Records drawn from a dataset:
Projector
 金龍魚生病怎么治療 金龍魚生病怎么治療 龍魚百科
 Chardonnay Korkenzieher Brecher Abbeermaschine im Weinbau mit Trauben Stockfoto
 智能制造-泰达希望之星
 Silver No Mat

(WORK REQUEST)
Exact transcription of the records is all that is wanted.

(SOLUTION TO THE EXERCISE)
Projector
 金龍魚生病怎么治療 金龍魚生病怎么治療 龍魚百科
 Chardonnay Korkenzieher Brecher Abbeermaschine im Weinbau mit Trauben Stockfoto
 智能制造-泰达希望之星
 Silver No Mat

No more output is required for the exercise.